What happens next in Ukraine has implications for democracy's survival around the world, according to Anne Applebaum and Yascha Mounk, both senior fellows at Johns Hopkins University's SNF Agora Institute and longtime contributors to The Atlantic, where they both shared their insights on the situation.

"In the centuries-long struggle between autocracy and democracy, between dictatorship and freedom, Ukraine is now the front line—and our front line too," wrote Applebaum, a staff writer at The Atlantic. Amid ample news coverage about what Putin might hope to achieve, Applebaum's essay provides historical context for Ukraine's interests, what it means to be Ukrainian, and how the country's desire for democracy threatens Russia's aims:

Ukraine is now under brutal attack, with tens of thousands of Russian troops moving through its eastern provinces, along its northern border and its southern coast. For like the Russian czars before him—like Stalin, like Lenin—Putin also perceives Ukrainianness as a threat. Not a military threat, but an ideological threat. Ukraine's determination to become a democracy is a genuine challenge to Putin's nostalgic, imperial political project: the creation of an autocratic kleptocracy, in which he is all-powerful, within something approximating the old Soviet empire. Ukraine undermines this project just by existing as an independent state. By striving for something better, for freedom and prosperity, Ukraine becomes a dangerous rival. For if Ukraine were to succeed in its decades-long push for democracy, the rule of law and European integration, then Russians might ask: Why not us?
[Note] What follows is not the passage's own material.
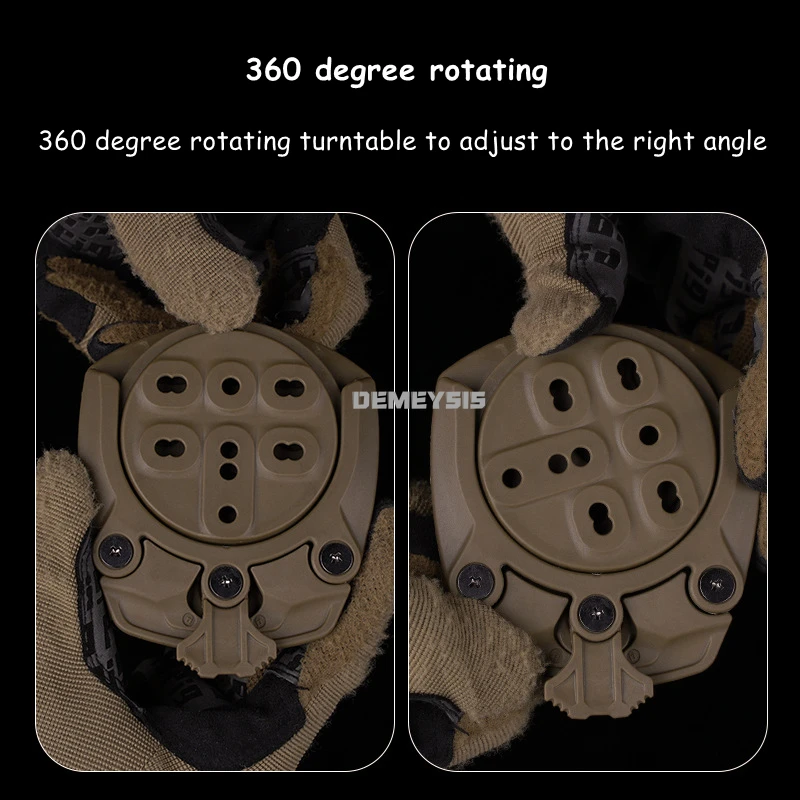 Adaptador de fundas tácticas, Base de montaje de funda para pistola de caza giratoria de 360 grados, accesorios de funda Modular para Paintball Airsoft - imagen 5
On Thursday, in the hours after the invasion began, Mounk, a contributing editor at The Atlantic, wrote that Putin had finally stopped pretending there was a diplomatic solution to the standoff in Ukraine, signaling that "Putin no longer intends to let even the most basic international norms—like the prohibition on territorial conquest by military means—limit his ambitions." The move, Mounk wrote, harkens "the beginning of a new era of naked power politics," and that democratic nations are losing their grip, citing a new Freedom House report on the state of democracy in the world.

In 2021, the number of countries moving away from democracy once again exceeded the number of countries moving toward it by a big margin. Democratic institutions and civil rights deteriorated in 60 countries, with Afghanistan, Nicaragua, Tunisia, and Sudan experiencing especially precipitous declines. At the beginning of the democratic recession, about half of the world's population lived in a country classified as "free." Now only two out of every 10 people do, while four in 10 live in "partly free" nations like India, and another four in 10 live in "unfree" nations like Saudi Arabia…As Russian troops advance toward Kyiv, democracy is no longer the only game on the global stage. And so the coming decades won't just pit democracies against autocracies in key territorial battlegrounds like Ukraine. They will also pit the defenders of democracy against those who blatantly reject the supposed decadence of popular self-determination in the sphere of ideas.

Mounk warns that dictators around the world are beginning to unmask, revealing authoritarian tendencies and unleashing enormous military strength to meet imperial goals. The challenge, he writes, is that "many democracies are now rife with acrid divisions and face domestic challenges to their stability," complicating the international response to such strong-arm tactics. Still, as Applebaum writes about Ukraine, there are people around the world "willing to dedicate their lives to fighting corruption, to deepening democracy, to remain sovereign and free."

As the clash over global democracy intensifies, the stakes could not be higher.